By some accounts, upwards of 75% of the assets in these 403(b) plans are in annuities, more than half of which charge more than 2% a year on the assets. Long lock-up periods with expensive surrender charges are the norm.
I’m sympathetic with the argument that individuals should be free to make their own decisions without a government agency dictating the terms. (You can argue that a major consequence of ERISA was that private companies stopped offering pensions altogether and shifted retirement responsibility to the workers themselves via defined contribution plans.)
But there was a detail in our story that struck me: The insurance representatives often sell these things in the schools themselves. They set up tables in teachers’ lounges, classrooms and offices and “sign up” teachers on the spot; many teachers say they didn’t realize what they were getting into until much later.
Selling long-term annuity contracts is not like selling Girl Scout Cookies. By getting the school administration’s permission to set up shop inside the walls of the institution, they are giving tacit approval to the business being conducted.

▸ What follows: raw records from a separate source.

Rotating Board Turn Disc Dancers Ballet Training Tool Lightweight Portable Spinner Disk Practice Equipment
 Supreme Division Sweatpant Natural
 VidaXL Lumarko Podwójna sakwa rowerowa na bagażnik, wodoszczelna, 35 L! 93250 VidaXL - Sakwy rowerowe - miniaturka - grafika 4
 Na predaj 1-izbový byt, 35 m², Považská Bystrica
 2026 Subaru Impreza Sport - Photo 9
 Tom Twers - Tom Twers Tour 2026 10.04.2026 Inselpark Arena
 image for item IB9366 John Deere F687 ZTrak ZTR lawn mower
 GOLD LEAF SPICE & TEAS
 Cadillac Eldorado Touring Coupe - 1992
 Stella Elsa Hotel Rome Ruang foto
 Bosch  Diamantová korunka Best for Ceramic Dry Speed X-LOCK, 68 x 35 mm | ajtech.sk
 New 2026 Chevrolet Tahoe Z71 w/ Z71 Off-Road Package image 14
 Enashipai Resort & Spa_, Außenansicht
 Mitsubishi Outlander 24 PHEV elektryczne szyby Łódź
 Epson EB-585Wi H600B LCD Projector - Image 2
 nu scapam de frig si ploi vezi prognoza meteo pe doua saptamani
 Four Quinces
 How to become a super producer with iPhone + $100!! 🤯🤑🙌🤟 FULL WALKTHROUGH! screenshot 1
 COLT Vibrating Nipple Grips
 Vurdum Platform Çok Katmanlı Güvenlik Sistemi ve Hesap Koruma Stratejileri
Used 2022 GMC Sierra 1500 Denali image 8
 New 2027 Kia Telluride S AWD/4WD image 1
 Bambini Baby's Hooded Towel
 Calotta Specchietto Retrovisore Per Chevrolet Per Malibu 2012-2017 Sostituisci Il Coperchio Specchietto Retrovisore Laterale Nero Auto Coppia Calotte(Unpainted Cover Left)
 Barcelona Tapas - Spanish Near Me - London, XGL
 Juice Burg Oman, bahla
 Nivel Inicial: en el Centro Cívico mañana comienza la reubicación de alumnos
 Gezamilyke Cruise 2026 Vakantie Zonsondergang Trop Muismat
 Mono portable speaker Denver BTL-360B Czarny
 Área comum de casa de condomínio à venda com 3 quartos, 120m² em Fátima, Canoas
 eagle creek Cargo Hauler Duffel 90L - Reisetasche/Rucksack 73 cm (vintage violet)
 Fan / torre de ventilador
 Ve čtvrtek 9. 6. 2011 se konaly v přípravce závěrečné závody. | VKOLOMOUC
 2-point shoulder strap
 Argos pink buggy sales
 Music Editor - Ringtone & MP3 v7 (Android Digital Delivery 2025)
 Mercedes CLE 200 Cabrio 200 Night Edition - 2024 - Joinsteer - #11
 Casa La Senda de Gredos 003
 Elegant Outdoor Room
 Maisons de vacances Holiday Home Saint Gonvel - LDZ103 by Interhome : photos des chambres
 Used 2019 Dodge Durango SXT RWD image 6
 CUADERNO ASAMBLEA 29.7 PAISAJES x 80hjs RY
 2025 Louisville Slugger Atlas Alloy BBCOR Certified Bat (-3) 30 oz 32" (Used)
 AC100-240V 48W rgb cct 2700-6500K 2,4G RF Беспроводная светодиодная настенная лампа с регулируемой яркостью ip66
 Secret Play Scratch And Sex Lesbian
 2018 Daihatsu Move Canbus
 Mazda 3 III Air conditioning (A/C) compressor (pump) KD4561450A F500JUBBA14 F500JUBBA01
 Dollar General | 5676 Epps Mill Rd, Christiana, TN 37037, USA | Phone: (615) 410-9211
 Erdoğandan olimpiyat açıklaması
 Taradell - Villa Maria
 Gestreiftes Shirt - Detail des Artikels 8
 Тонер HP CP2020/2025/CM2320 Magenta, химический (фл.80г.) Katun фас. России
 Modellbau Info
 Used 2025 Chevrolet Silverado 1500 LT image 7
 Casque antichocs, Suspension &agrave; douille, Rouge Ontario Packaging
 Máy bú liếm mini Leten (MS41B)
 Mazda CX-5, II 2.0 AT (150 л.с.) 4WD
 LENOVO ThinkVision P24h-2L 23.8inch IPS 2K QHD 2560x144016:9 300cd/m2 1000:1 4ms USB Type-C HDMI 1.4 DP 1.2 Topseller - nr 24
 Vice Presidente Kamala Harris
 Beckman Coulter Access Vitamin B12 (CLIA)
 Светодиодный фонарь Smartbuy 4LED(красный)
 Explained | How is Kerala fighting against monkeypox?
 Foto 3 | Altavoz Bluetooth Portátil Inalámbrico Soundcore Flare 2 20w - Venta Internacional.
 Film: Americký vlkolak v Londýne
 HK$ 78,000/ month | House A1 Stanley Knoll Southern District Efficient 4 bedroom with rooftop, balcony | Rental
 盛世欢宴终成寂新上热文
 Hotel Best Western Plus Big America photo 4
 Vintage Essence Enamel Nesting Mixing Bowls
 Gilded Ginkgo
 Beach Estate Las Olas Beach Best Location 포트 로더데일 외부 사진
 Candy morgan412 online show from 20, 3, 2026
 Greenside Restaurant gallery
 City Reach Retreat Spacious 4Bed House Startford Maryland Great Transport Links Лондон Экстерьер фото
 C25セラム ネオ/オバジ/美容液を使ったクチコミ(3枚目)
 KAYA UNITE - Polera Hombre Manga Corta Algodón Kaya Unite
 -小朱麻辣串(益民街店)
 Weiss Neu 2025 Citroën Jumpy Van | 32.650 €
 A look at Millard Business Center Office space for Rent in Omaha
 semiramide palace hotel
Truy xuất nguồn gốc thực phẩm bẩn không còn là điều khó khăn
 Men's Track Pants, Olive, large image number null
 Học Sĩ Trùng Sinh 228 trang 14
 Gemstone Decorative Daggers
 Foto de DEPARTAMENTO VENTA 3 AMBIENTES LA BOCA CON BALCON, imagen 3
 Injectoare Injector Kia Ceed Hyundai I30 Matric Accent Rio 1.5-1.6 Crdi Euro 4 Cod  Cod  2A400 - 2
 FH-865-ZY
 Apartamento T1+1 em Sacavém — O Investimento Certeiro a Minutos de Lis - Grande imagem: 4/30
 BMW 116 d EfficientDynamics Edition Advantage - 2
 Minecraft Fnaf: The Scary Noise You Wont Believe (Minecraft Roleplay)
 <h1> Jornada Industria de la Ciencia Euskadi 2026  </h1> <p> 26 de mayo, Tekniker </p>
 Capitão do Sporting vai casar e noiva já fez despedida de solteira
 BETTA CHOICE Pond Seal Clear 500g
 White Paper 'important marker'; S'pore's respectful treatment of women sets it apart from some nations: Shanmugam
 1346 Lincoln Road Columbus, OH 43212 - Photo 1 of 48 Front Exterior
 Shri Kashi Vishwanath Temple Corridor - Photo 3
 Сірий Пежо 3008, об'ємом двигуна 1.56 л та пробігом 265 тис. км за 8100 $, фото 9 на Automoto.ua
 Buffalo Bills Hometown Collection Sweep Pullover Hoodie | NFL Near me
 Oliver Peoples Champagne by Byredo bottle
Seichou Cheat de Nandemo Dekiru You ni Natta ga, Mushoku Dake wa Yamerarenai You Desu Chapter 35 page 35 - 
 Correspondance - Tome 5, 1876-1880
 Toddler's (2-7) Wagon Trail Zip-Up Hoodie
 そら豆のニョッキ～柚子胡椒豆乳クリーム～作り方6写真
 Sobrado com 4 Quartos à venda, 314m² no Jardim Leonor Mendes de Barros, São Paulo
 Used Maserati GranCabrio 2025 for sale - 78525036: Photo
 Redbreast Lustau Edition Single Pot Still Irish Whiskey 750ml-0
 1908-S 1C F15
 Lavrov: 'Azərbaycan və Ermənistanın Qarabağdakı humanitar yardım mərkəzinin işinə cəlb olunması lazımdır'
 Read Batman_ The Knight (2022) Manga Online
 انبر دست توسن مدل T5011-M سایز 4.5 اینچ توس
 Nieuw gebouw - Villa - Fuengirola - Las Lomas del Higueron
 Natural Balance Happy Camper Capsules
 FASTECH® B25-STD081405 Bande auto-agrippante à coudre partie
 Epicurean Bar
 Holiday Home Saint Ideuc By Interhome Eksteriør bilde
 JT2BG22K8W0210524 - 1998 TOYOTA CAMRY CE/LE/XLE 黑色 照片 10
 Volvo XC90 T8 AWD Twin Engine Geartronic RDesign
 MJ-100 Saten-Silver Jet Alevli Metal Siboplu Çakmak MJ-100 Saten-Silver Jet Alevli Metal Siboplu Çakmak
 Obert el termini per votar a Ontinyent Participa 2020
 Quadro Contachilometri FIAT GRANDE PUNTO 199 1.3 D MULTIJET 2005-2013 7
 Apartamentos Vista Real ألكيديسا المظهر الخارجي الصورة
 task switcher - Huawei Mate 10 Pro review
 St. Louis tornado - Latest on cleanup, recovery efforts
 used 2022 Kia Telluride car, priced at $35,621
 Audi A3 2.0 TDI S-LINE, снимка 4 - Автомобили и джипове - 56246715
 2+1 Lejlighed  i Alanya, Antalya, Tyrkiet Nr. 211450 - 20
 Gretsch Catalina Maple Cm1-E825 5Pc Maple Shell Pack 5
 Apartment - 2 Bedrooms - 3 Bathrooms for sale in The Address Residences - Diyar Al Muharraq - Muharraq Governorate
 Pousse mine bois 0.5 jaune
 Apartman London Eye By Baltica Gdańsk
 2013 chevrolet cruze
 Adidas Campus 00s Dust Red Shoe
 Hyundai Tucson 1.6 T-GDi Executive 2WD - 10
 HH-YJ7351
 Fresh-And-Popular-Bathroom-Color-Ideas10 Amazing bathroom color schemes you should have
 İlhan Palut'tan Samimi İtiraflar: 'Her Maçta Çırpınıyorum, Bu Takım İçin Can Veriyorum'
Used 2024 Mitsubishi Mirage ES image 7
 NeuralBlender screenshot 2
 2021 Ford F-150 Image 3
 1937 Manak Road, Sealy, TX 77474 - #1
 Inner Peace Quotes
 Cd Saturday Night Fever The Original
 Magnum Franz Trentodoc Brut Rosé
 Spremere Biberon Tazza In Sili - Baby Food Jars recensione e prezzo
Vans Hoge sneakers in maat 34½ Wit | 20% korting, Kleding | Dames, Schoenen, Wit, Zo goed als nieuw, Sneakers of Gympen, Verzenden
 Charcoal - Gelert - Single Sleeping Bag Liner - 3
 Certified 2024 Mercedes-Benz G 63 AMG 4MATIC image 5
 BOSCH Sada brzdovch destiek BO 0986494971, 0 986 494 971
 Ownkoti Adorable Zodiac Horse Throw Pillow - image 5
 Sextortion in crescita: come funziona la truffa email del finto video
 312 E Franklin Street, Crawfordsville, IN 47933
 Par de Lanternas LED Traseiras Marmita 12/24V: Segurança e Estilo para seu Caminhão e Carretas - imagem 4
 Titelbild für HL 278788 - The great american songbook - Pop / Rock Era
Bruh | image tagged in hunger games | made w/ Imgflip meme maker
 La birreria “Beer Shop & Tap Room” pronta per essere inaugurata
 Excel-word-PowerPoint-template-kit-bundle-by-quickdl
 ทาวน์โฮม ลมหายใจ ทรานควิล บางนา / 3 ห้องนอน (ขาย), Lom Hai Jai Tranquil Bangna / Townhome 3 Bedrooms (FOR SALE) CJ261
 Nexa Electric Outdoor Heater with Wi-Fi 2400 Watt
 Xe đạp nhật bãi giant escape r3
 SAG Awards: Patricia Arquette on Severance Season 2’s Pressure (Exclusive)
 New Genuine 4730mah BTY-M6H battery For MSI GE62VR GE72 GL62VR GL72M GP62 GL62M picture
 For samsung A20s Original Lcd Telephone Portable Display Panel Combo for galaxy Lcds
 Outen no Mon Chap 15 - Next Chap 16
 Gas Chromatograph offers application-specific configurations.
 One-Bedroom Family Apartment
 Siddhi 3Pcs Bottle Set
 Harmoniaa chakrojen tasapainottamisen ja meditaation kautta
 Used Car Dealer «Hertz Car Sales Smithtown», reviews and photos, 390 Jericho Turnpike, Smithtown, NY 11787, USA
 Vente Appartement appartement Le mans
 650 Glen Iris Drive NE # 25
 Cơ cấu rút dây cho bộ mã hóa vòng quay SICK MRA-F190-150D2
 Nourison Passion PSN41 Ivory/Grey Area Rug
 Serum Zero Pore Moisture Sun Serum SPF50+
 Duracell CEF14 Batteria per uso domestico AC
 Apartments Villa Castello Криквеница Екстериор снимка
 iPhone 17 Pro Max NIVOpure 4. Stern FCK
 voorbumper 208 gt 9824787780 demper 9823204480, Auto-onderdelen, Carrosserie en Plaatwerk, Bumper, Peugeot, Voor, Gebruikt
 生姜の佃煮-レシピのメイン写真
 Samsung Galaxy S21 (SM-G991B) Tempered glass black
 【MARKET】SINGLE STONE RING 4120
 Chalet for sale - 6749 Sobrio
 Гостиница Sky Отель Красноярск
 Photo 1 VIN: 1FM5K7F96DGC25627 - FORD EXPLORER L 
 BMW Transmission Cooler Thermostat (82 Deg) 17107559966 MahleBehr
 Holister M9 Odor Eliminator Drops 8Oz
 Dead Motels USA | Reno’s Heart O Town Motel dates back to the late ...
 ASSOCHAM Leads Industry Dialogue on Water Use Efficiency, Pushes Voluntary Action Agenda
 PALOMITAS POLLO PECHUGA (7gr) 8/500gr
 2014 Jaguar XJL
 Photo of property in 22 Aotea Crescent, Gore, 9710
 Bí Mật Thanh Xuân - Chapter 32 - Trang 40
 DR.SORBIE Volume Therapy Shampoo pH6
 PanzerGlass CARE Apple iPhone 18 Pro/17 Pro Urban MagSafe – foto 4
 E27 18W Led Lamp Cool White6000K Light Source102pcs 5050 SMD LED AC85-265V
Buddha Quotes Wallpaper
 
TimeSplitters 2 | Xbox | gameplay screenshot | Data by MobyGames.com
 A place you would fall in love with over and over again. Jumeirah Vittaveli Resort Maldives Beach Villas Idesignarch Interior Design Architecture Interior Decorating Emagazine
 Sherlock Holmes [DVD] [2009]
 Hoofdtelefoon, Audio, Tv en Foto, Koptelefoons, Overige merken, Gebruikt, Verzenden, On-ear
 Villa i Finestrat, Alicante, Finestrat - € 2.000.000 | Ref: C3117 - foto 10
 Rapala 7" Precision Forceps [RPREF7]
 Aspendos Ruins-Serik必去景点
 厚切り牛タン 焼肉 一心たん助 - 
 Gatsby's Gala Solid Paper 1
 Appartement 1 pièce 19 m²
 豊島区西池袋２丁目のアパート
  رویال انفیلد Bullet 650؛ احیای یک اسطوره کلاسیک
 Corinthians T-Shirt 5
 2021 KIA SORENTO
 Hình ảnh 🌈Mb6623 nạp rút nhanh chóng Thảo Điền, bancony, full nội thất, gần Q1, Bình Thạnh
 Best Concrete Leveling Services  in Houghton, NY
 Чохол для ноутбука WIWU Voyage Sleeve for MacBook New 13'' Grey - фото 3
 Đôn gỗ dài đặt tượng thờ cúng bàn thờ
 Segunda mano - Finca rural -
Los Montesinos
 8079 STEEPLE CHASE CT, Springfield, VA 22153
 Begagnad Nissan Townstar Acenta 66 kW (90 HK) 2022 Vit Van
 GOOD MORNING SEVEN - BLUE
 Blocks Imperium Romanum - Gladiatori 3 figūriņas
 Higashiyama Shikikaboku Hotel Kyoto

I’m sure the school administrators are well meaning and likely think they are bringing useful services to the teachers and, in some cases, maybe they are. But as the saying goes, ‘If you sup with the devil, bring a long spoon.’
More rules could help here. Keep the sales pitch out of the workplace, at the very least. But I’m not betting on regulators as much as the advisors and firms bringing better ideas to the market (including one very large, low-cost asset manager that is well scaled to handle the often low-dollar accounts at play here).
Government may have opened up the opportunity for this mess, but my guess is the private market will solve it.